Supplied material.
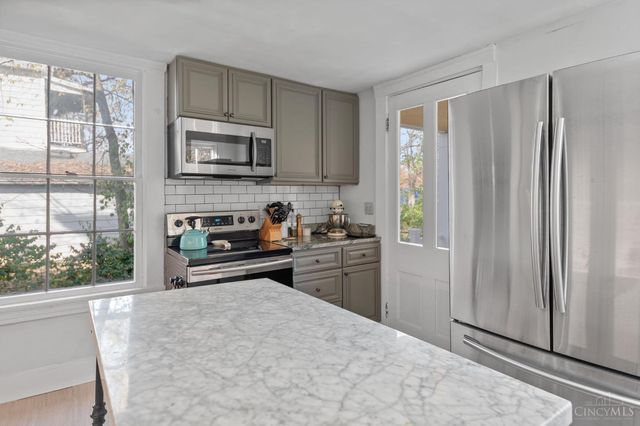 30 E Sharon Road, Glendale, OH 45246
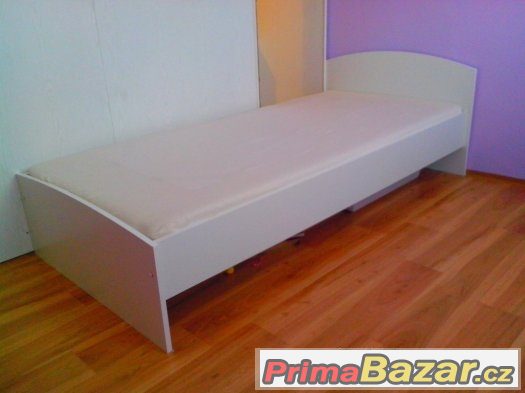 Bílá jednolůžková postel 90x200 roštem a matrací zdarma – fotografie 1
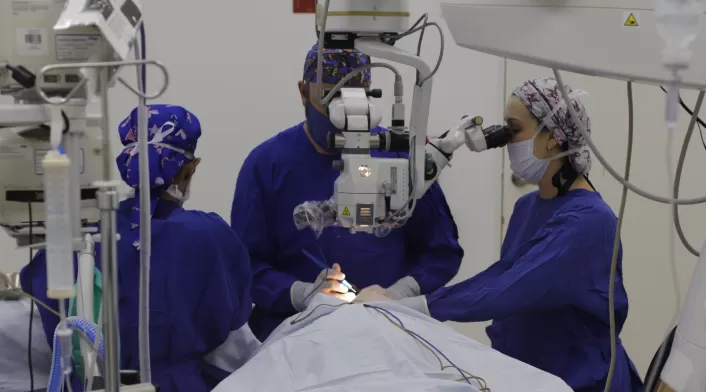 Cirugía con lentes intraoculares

Your task.
Omitting all pictures, set the listing down exactly.

Your response.
 30 E Sharon Road, Glendale, OH 45246
 Bílá jednolůžková postel 90x200 roštem a matrací zdarma – fotografie 1
 Cirugía con lentes intraoculares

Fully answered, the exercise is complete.